Mid-February Notes
Those familiar with the ways of the atmosphere say that the three-week winter grind, the longest and flattest pit of the season that I can remember, is just about over. Why, it’s even supposed to be above freezing next week. The foot and then some of lovely snow could be headed for liquidation. Good riddance. Winter wonderland is a thing for December, not February.
Despite my minor illness, I managed to watch all of the miniseries version of Battlestar Galactica, and I’m duly impressed. TV science fiction with some brains. Much has been made of the show’s depth of characters, and that’s generally true, but it had some swell battle sequences too, so what else do you need in space opera?
My favorite detail, among many good ones: the crew of the Galatica uses paper. The computers spit out slips of paper and the characters read them (and in one case that I noticed, disposed of it into a memory hole). I don’t know if that’s supposed to be a retro feature of the ship, since it was supposed to be an older vessel, but still. Makes perfect sense to me. The facile thinking that informs much speculative fiction on this point is that somehow paper and that excellent future (or alternate world, in this case) in which people can build fantastic spaceships are incompatible. But why? Because it’s just not futuristic, that’s why.
I doubt that the series will ever be quite so realistic, however, that the ship’s pursuer will warn Commander Adama that their paper supplies are running dangerously low, and that something will have to be done about it, such as raiding a forested planet for wood pulp. Which infests the ship with extraterrestrial termites – and the people on board too, making some them aggressively homicidal – and so on.

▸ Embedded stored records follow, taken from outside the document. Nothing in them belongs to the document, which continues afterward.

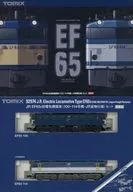 1/150EF65型電力機車(100·114號機·JR貨物規格)2兩SET[92974]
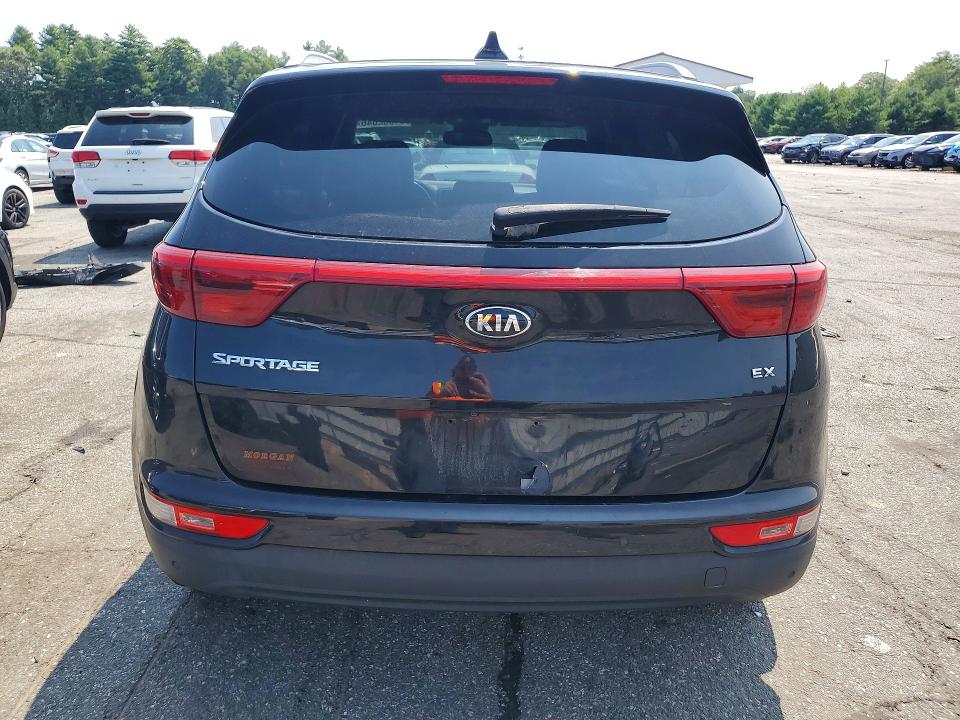 Продажа на аукционе авто 2017 Kia Sportage, vin: KNDPNCAC7H7228493, номер лота: 64362646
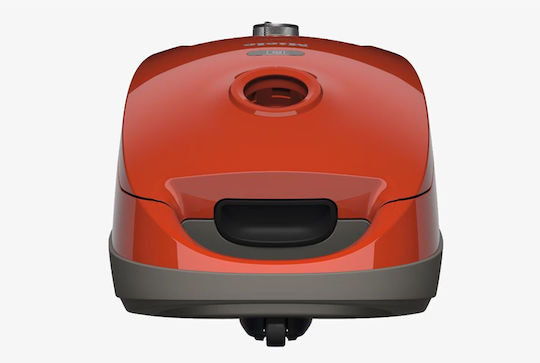 Miele Guard S1 Junior Прахосмукачка 890W С торба 3.5лт Червен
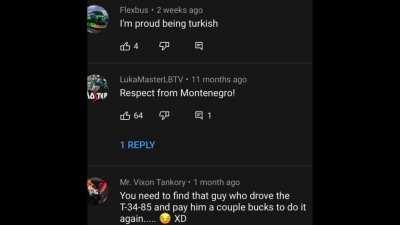 Based Turkey being praised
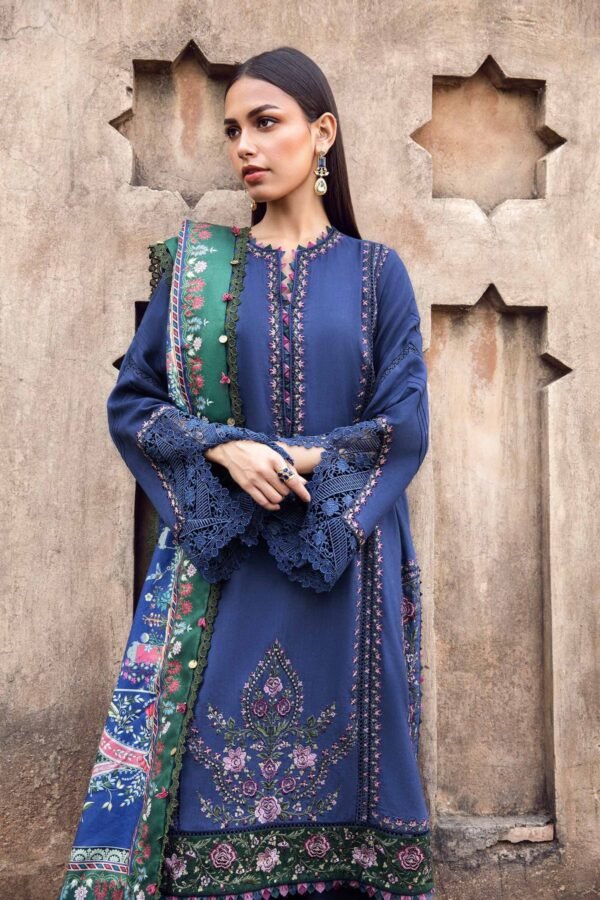 M PRINT PRINTED Lawn - Image 2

I’m glad it’s a SciFi Channel production and not, say, HBO. The BSG miniseries had a bit of (arguably) gratuitous fornication, but not all that much. No doubt there will be more in the rest of the series. Still, in HBO’s hands, there probably would have been a couple of scenes of hot lesbian Cylon action just in that first three hours.
Got a letter from the Behemoth Insurance Co., which insures a couple of aspects of my life. The blarney was thicker than usual: “Behemoth values your business and also values your opinions. In order to better serve and understand what’s important to customers like you, we are asking you to complete the enclosed one-page survey…”
To which I say, “Dear Behemoth, If you want me to do your research for you, consider offering a small discount on my premiums.” Which, of course, isn’t in the offing.
I’ve read most of The Five Weeks of Giuseppe Zangara, by Blaise Picchi, in recent days, an interesting work on a specialized subject: how one Giuseppe Zangara, an Italian bricklayer who became a US citizen in 1929, came to fire five shots at Franklin Roosevelt in early 1933 and nearly kill him just before he was to become president. History is full of what-ifs, and this is certainly one of them. Instead of FDR, of course, he killed Mayor Anton Cermack of Chicago, who for the trouble of dying in office at least got a major east-west road named after him (almost: Cermark is also sometimes known by its previous name, 22nd Ave.). That’s more than Big Bill Thompson ever got posthumously.
Ann’s now calling me “daddykins” sometimes. I like that a lot. I asked Lilly if she’d heard some character or another on TV use that term recently, but she said no.
1 Comments:
Exactly right! Where ARE you going to find tree-type resources for paper in outerspace? It's really just impractical. That is a funny detail. Haven't seen BSG, but enjoyed your review! "Memory hole." HA!